EXERCISE PROMPT: Copy out exactly the lines from the one containing "(Dark Blue, -)" through the end of the records, and no pictures.

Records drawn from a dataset
☆ ☆ ☆ ☆ ☆ ☆ ☆

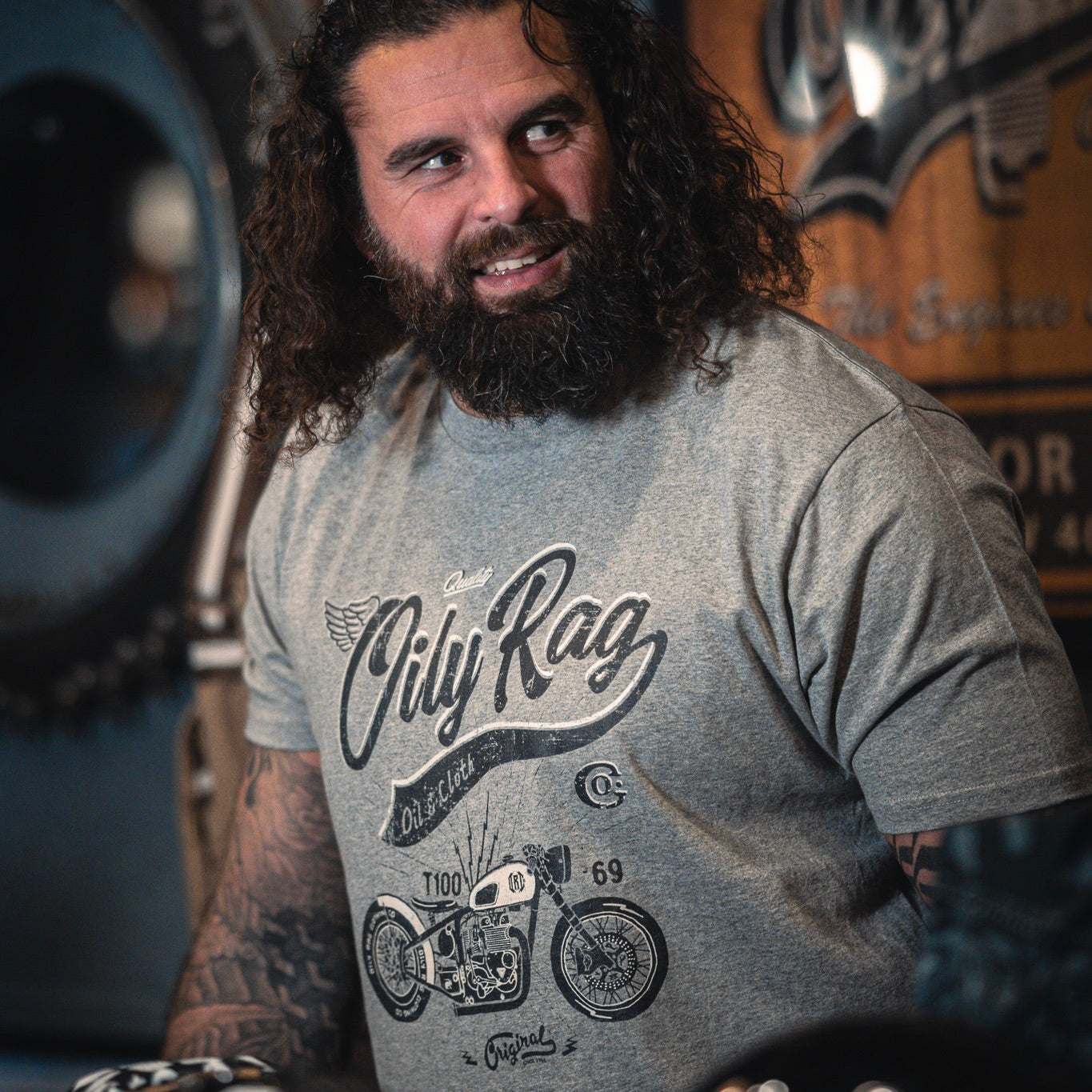 biker, beard, tattoo, bobber, triumph motorcycle, custom motors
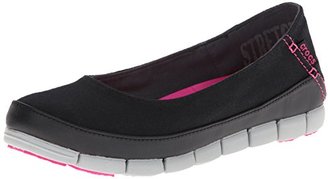 Crocs Women's Stretch Sole Flat 15317 Slip-On Loafer, Black/Light Grey, 5 M US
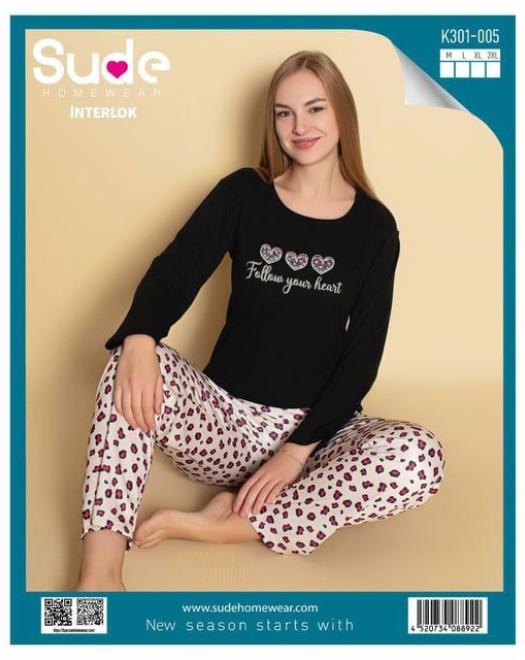 301 İNTERLOK UZUN KOL BAYAN PİJAMA TAKIM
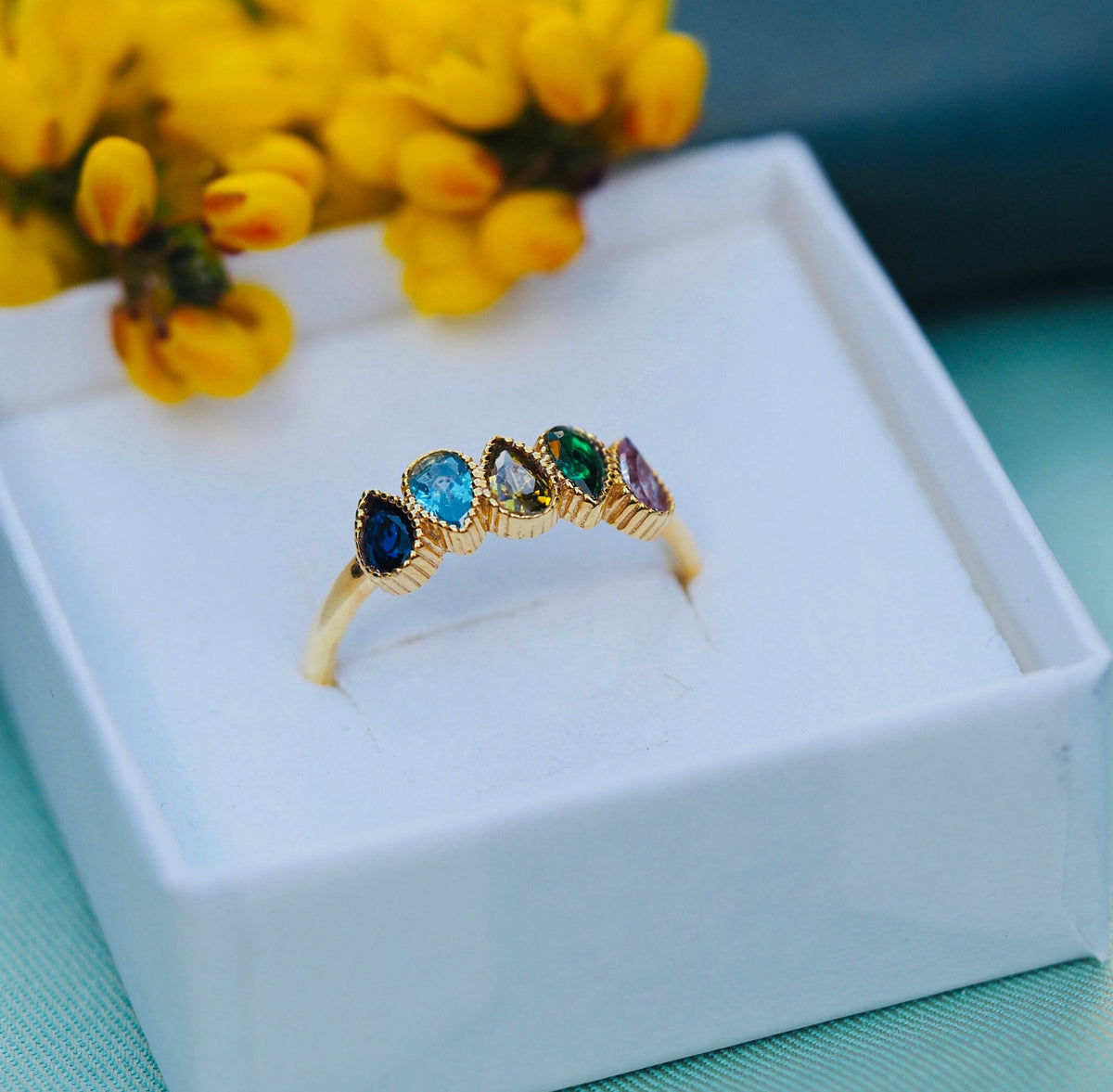Handmade Sterling Silver Family Birthstone Ring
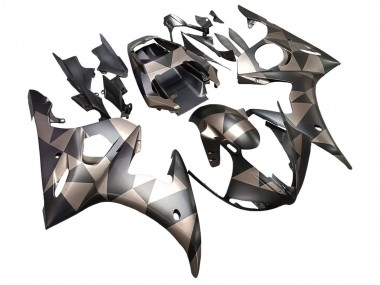 Best 2006-2009 Yamaha YZF R6S Motorcycle Fairings - Grey Matte Black Geometric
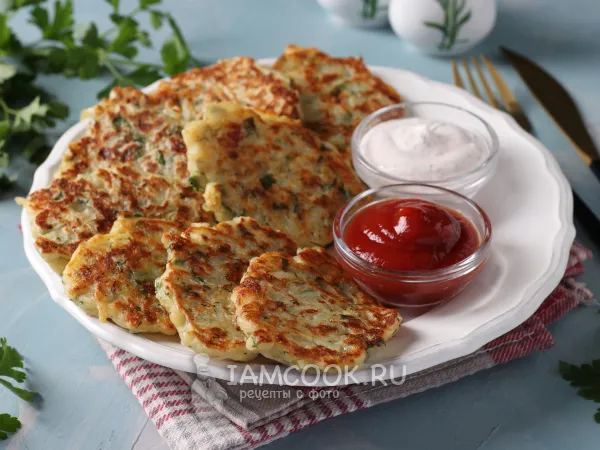 Фото блюда: Картофельные оладьи с сыром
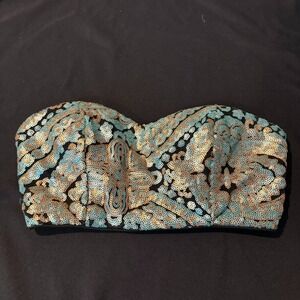 Forever 21 Womens Sequin Bralette Size Small Boho Festival Sexy Night out Zipper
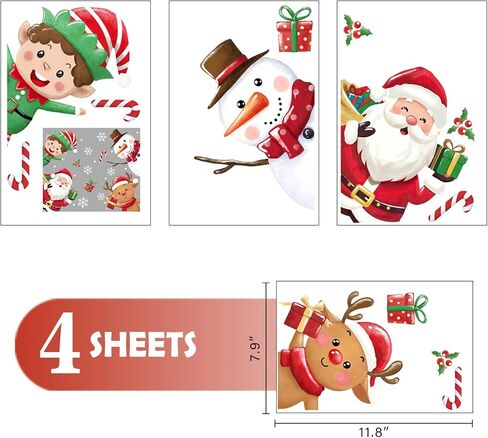 Mfault Christmas Snowman Window Clings, Xmas Snowflakes Snowballs Stickers Decals Decorations, Winter Holiday Gifts Peppermint Candy Cane Home Kitchen Decor in Saudi Arabia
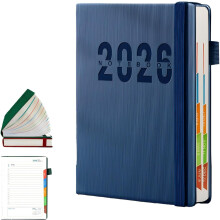 (Dark Blue, -) Pianificatore giornaliero 2026, una pagina al giorno, agenda settimanale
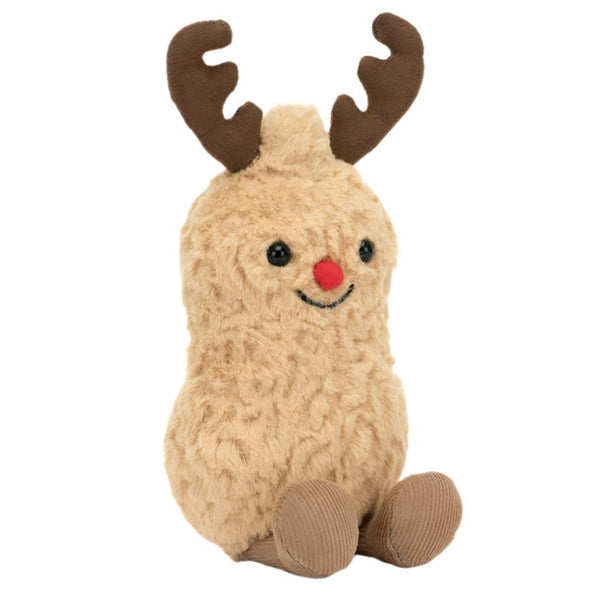 The Jellycat Amuseable Peanut Reindeer, featuring delightful antlers and a festive red nose, is seated upright, poised to add a dash of Christmas joy to your home.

☆ ☆ ☆ ☆ ☆ ☆ ☆

RESPONSE AREA:
 (Dark Blue, -) Pianificatore giornaliero 2026, una pagina al giorno, agenda settimanale
 The Jellycat Amuseable Peanut Reindeer, featuring delightful antlers and a festive red nose, is seated upright, poised to add a dash of Christmas joy to your home.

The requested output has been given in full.